Mark Hurst used these four words to capture his “love-to-hate” feelings for poorly designed web site experiences. Although Mr. Hurst focused on web experiences, poor customer experiences happen everywhere.
Why is it so hard to create a great customer experience?
Part of it has to do with the end-to-end nature of the experience, which requires not just one department in a company, but the coordinated actions of many. Even in a simple trip to the grocery store, customers touch multiple functional areas—all organized around a variety of policies, procedures, and systems. Done well, the customer never realizes just how many groups create their experience; great experiences are seamless to the customer. But creating and delivering that seamless experience consistently requires the alignment and orchestration of the organization around it. And this is where it can get difficult.

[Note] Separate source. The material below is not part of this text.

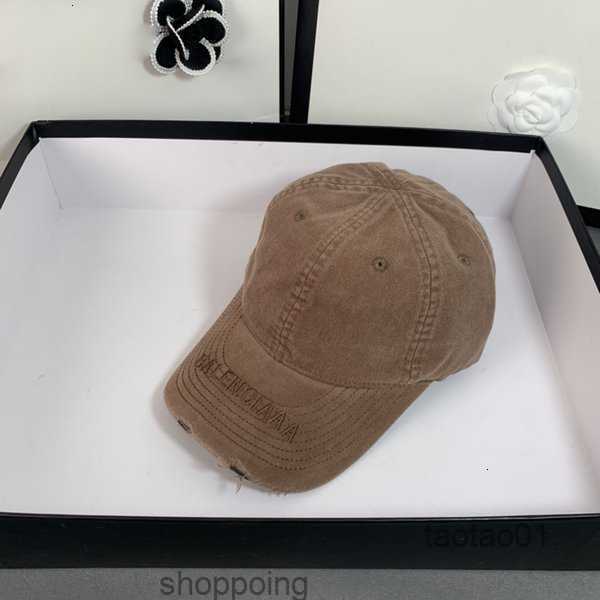 Men's and Women's Designers Casquette Sports Denim Ripped Ball Caps Solid Color b Letter Outdoor Couple Hatsjvbt5q2m, Red
Men's and Women's Designers Casquette Sports Denim Ripped Ball Caps Solid Color b Letter Outdoor Couple Hatsjvbt5q2m, Red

It’s kind of like the parable of the blind men and an elephant. In this case, the elephant is the customer experience and the blind men represent the major functional areas—Marketing, HR, Operations, etc. Each man thinks he is describing what an elephant is, but in reality he has described just one aspect of it—it is a rope (the tail), it is a tree branch (the trunk), etc. Similarly, functional leaders working in silos believe the customer interactions they have primary responsibility for deliver the full force of the experience, when in fact they have delivered only a fraction of it. In the place of a seamless delivery—the “elephant”—the experience becomes inconsistent. Sure the customer gets all the elephant parts—the trunk, the tail, the leg, and so forth—but too frequently the parts are not connected in a way to make a complete, attractive elephant. The various company departments, wearing the blinders of their functional silos, have stitched together something that the customer experiences as disconnected and unappealing.
Companies wondering why they have not realized the full benefit of their investment in the customer experience may want to consider how they are—or are not—organized around the customer experience. Do their customers experience an appealing elephant or something else? Are their employees able to see through the eyes of their customers, or is their sight impaired by their functional silo?